The power of fetal imagery—from photos to sonograms—has created a cultural environment in which it is possible to separate and mute the concerns and struggles of pregnant women from that of “their baby,” to prioritize fetal health over women’s and maternal health, and to shroud abortion in shame. That shame has, for generations, silenced women from voicing their own needs, like contraception, sex education, family planning options, and economic concerns. From Nilsson’s fiber optics and color filters to ultrasound wands wielded today under force of law, the power of the image remains the same, to a devastating effect. Pollack Petchesky writes, citing Roland Barthes:

…the power of the visual apparatus’s claim to be “an unreasoning machine” that produces “an unerring record”…derives from the peculiar capacity of photographic images to assume two distinct meanings, often simultaneously: an empirical (informational) and a mythical (or magical) meaning.

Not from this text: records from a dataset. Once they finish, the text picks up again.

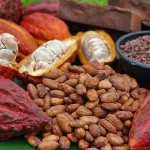 un-gros-scandale-dans-la-production-du-cacao-devoile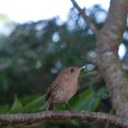 Al Gibb - @Mzookie - Twitter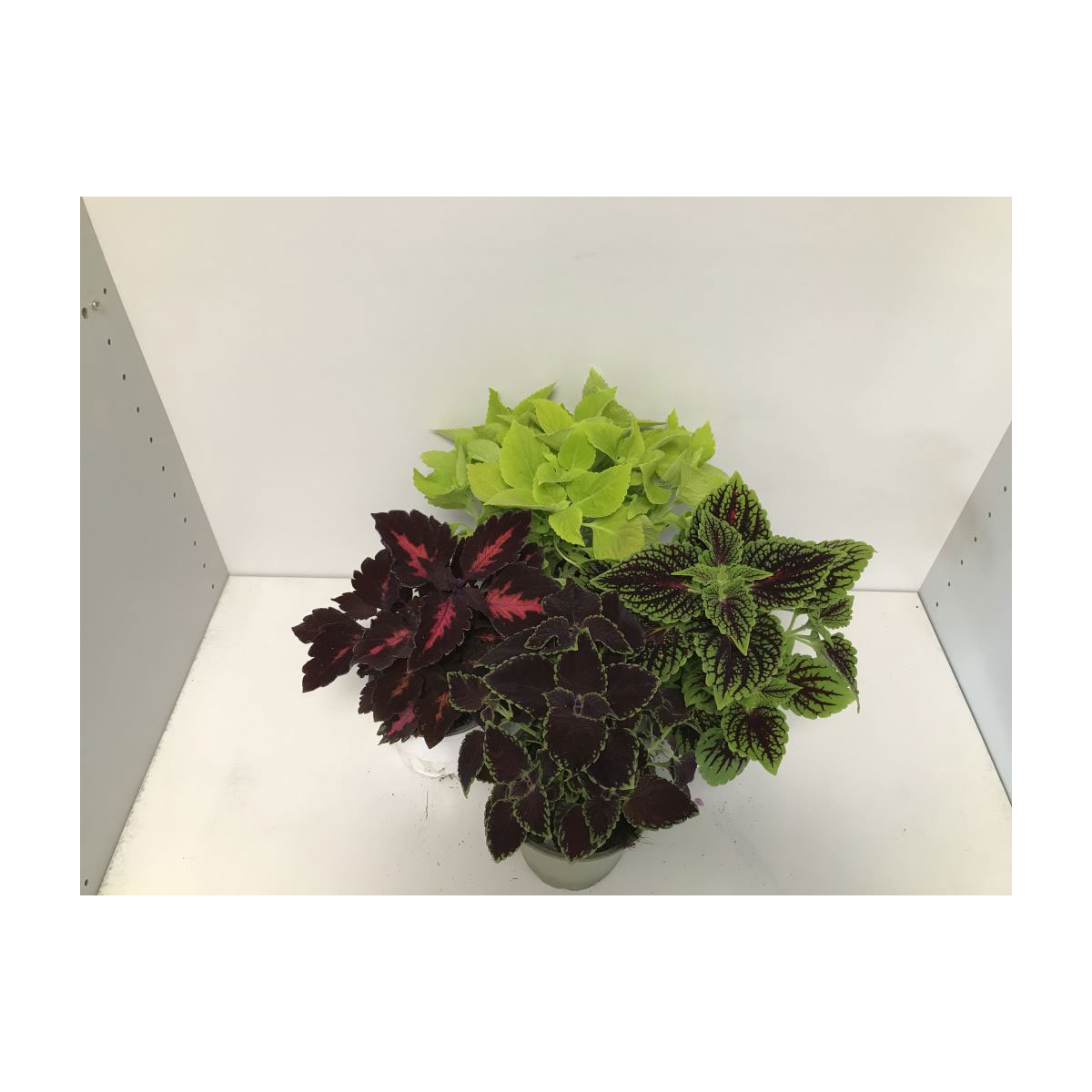 Plantiflor  Buntnessel T12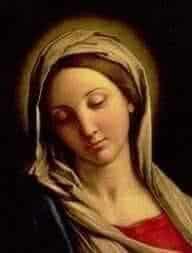 Los pecados ecológicos del Papa Francisco, el sínodo SJ, el locuaz y desconcertante Tucho, Zuppi hasta en la sopa, los medios inútiles,  el puñal de Pío XII, For God and for Profit, “VENI, VIDI, DEUS VICIT”.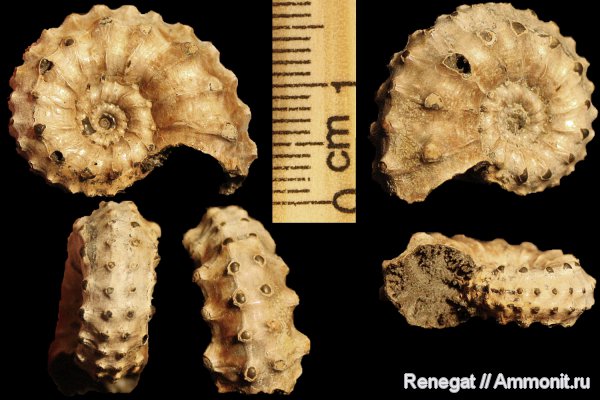 аммониты, юра, Михайлов, Kosmoceras, головоногие моллюски, келловей, Kosmoceras gemmatum, Ammonites, Callovian, Jurassic, Middle Jurassic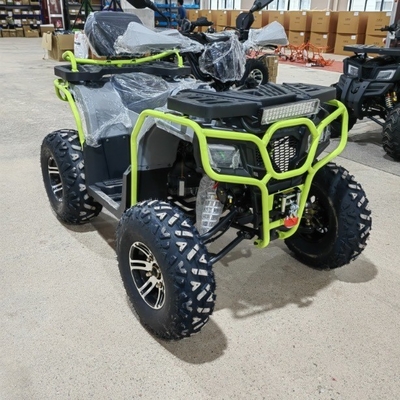 4WD ATV Quad Bike Buggy UTV Go Kart 250CC con 200-250 mm di distanza minima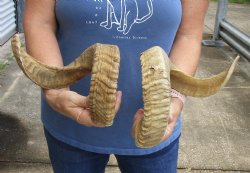 24 inch matching pair of ram sheep horns for sale - $42/pair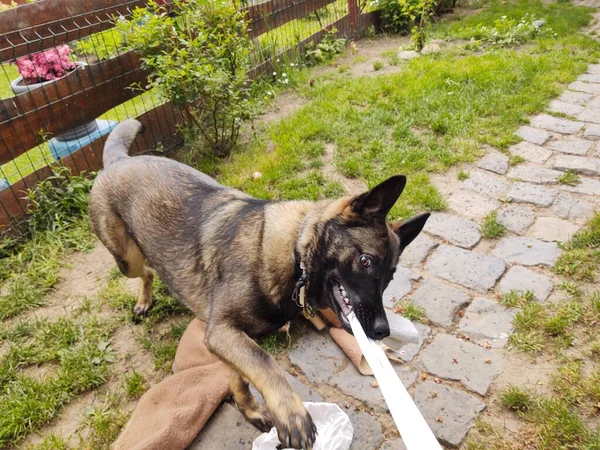 Tysk Herdehund Med Vit Trasa Munnen — Stockfoto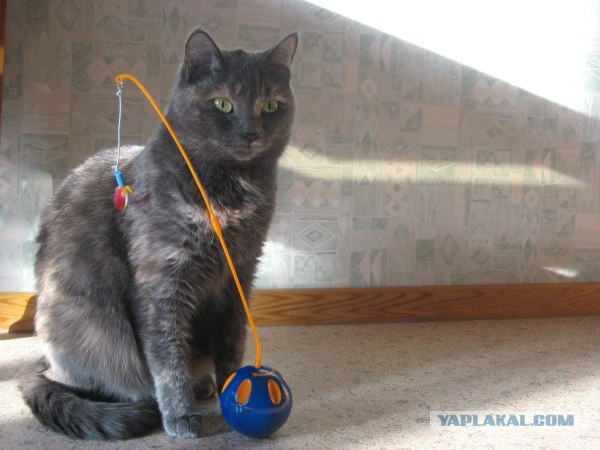 It's Catursday Fever! (Котовторник)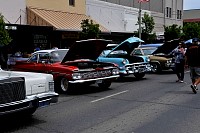 DSC_8141.jpg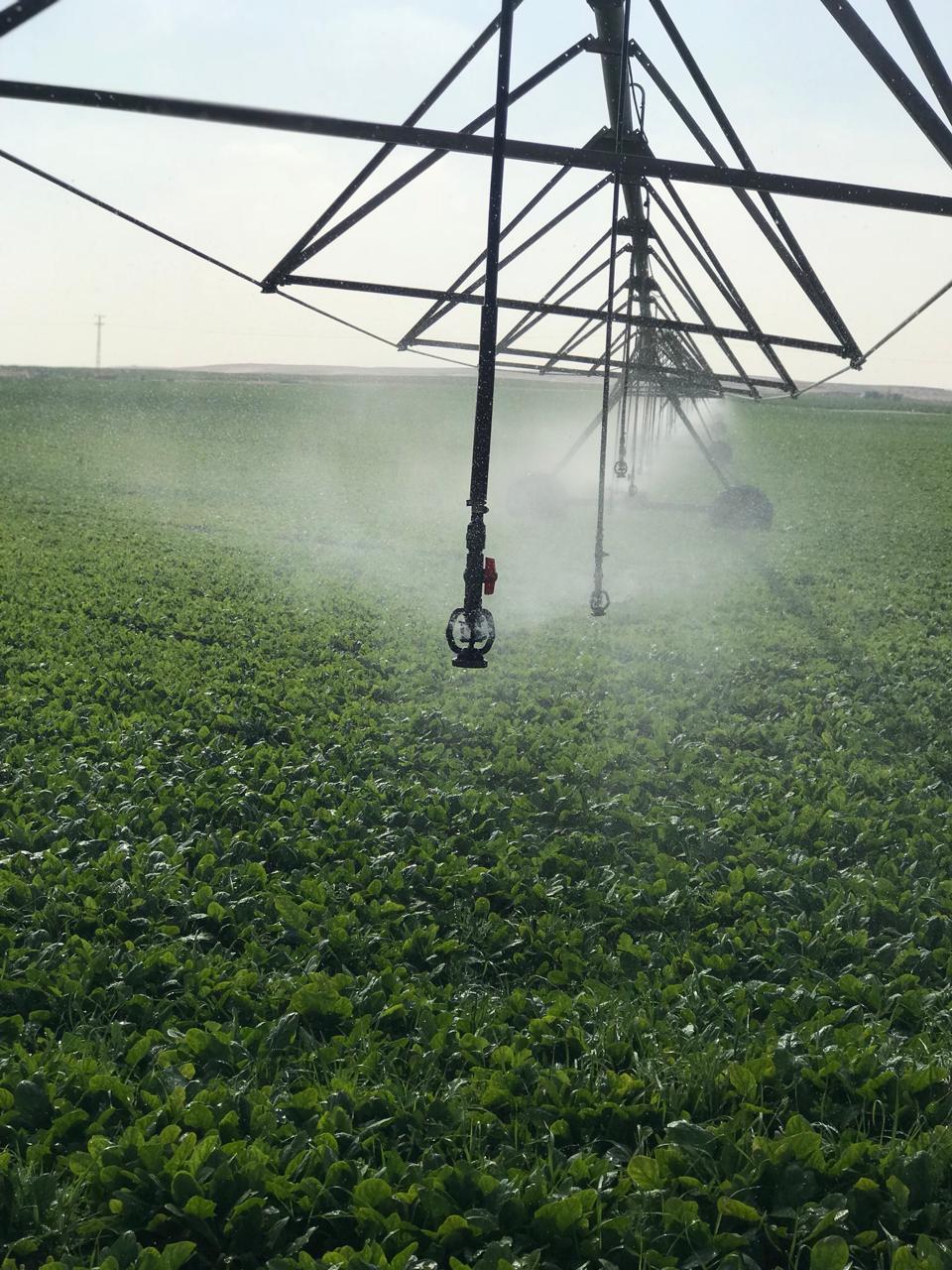 Spinach Pivot.jpeg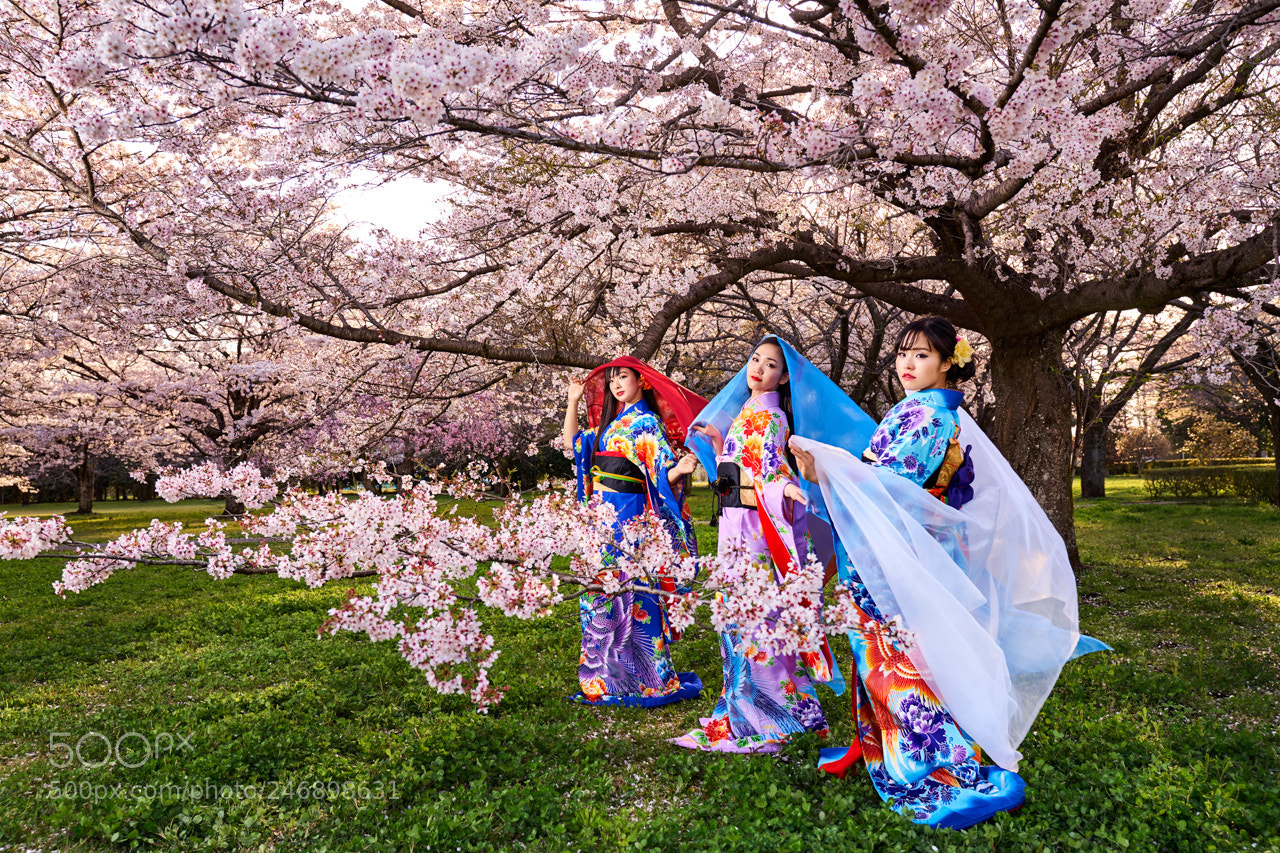 Sony a7 II sample photo. Sakura photography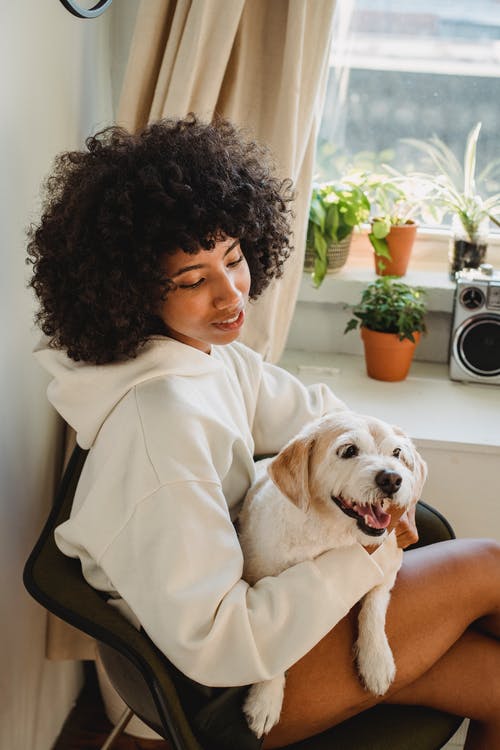 黑人妇女抱着有趣的小狗，坐在家里 · 免费素材图片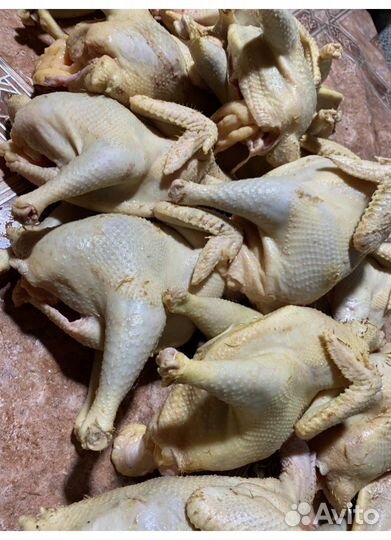 Куры домашние самовызов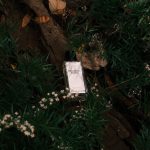 عطر ادکلن بوسولیا اسکوتیا جروم استودیو - Boswellia Scotia Jorum Studio - بررسی، قیمت و خرید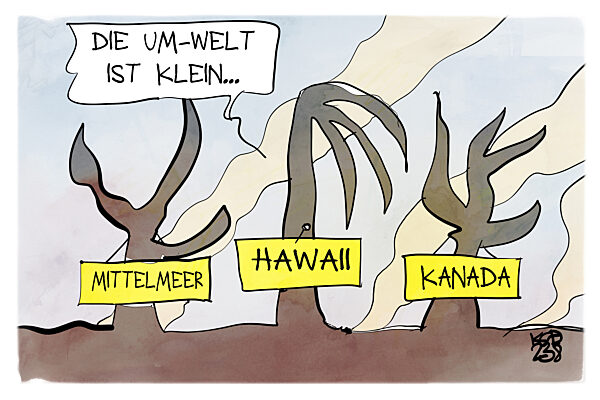 Die Um-Welt rueckt zusammen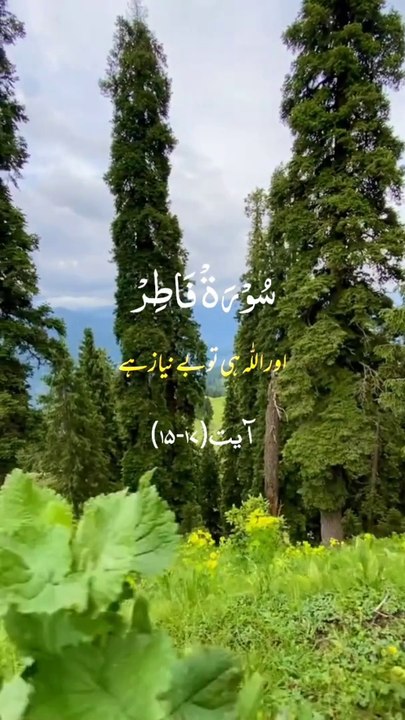 surah fatar urdu translation ayat 15 to 17#alquran#islamic video#islam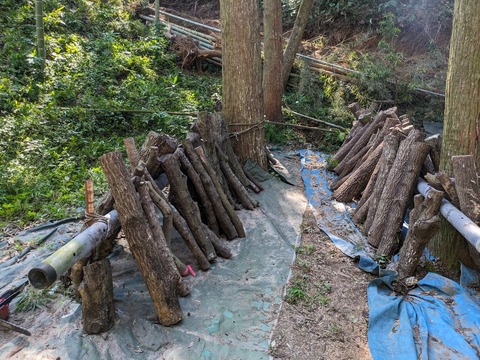 PXL_20240907_011057749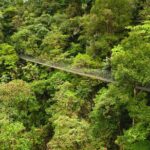 Hanging Bridges Adventure San Luis From San Jose - Who Will Love this Tour?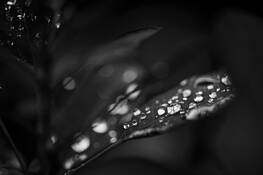 Raindrops by Art Braitman
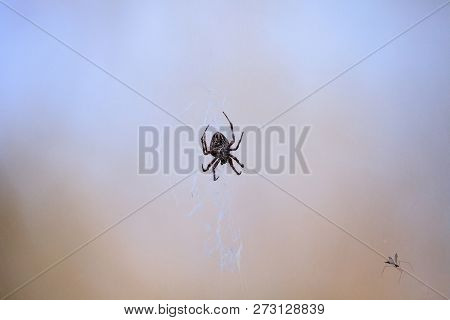 Spotted Orb-weaver Spider Neoscona Domiciliorum Weaves Its Web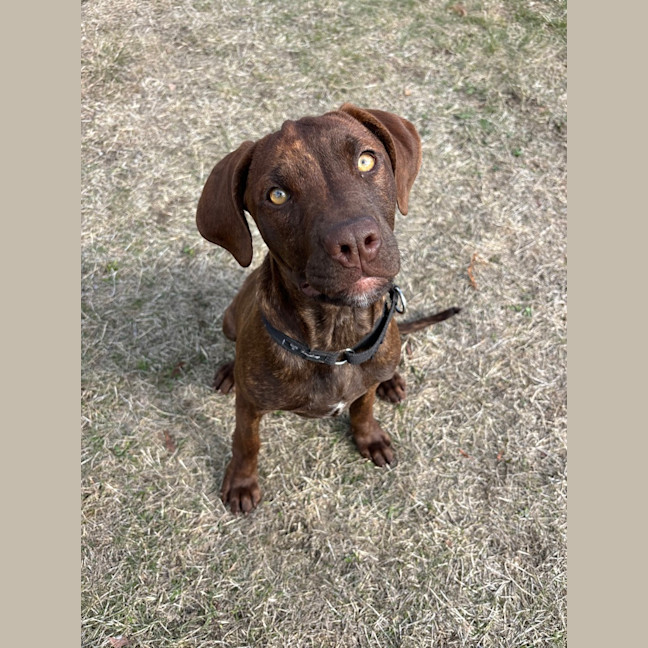 Photo of Sadie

By making fetuses into autonomous “babies,” fetal imagery has masked the interdependent and consequential nature of pregnancy. Perhaps the very best example of images’ power to misrepresent, mystify and decontextualize the fetus is the backstory to Lennart Nilsson’s 1965 series in Life magazine. Exalted as a celebration of fetal life, the photos were predominantly of fetuses aborted under Sweden’s liberal laws.

“All but one of the fetuses pictured were photographed outside the womb and had been removed—or aborted—‘for a variety of medical reasons,’” Time notes in its online “100 Photos” collection. “In the years since Nilsson’s essay was published, the images have been widely appropriated without his permission. Antiabortion activists in particular have used them to advance their cause,” the brief caption notes.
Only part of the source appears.